EUA criticam “políticas agressivas” criadas para enfrentar alterações climáticas


O secretário de Energia norte-americano, Chris Wright, criticou ontem, nas Nações Unidas, aquilo que considerou “políticas agressivas” criadas para enfrentar as alterações climáticas, as quais classificou como “irrealistas e mal planeadas”.

“Precisamos de mais energia, não de menos, e precisamos dela agora. Sem energia acessível, fiável e segura, nada funciona. Energia é vida. A ausência de energia é pobreza, desespero e morte. É assim que fazemos crescer as nossas economias. É assim que inovamos, alimentamos o nosso dia-a-dia e garantimos a segurança das nossas nações”, defendeu Wright.

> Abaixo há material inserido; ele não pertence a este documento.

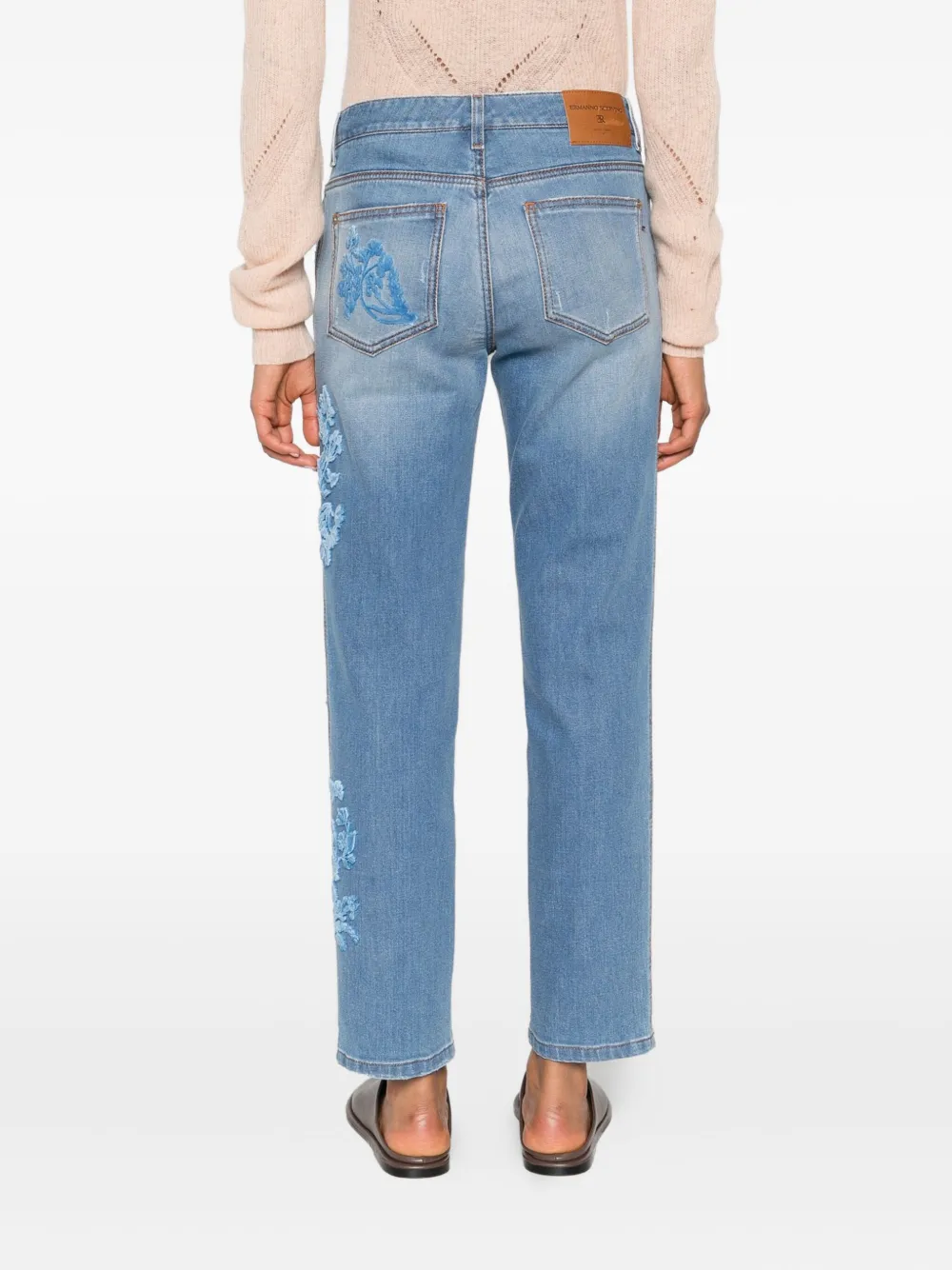 Ermanno Scervino Floral-embroidery Jeans In Blue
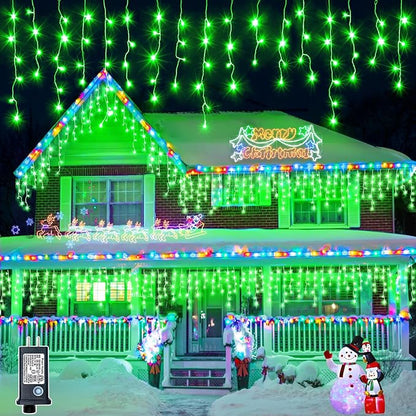 400 LED Icicle Christmas Lights Outdoor - 33FT Icicle Lights for Outside 8 Modes with 75 Drops, Plug in Waterproof Connectable Fairy String Lights for Indoor Holiday Party Christmas Decoration,Green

O secretário norte-americano presidia a uma reunião do Conselho de Segurança da ONU sobre “Energia, minerais críticos e segurança”, com uma intervenção que acabou por atacar as políticas de combate às alterações climáticas.

“Nos últimos anos, muitos Governos adotaram políticas climáticas agressivas. Estas políticas, criadas em nome das alterações climáticas, têm sido irrealistas e mal planeadas. As ilusões energéticas implícitas nas políticas climáticas representam ameaças reais e crescentes para as nações e povos de todo o mundo”, defendeu.

As declarações do secretário de Energia estão em linha com a posição do Presidente norte-americano, Donald Trump, que desde que regressou à Casa Branca, em janeiro de 2025, esforçou-se por reverter as políticas climáticas decretadas pelo seu antecessor, Joe Biden.

O passo mais recente nesse recuo foi dado no mês passado, quando Trump anunciou que rejeita a descoberta científica de que as mudanças climáticas colocam em risco a saúde humana e o meio ambiente, pondo fim à autoridade legal do Governo federal para controlar a poluição que está a aquecer o planeta de forma perigosa.

Em várias ocasiões, Trump referiu-se às mudanças climáticas como uma “farsa”.

Na reunião de hoje na ONU, e falando em nome dos Estados Unidos, Wright afirmou que “a segurança energética é segurança nacional” e alertou contra a excessiva dependência de um único fornecedor para recursos críticos.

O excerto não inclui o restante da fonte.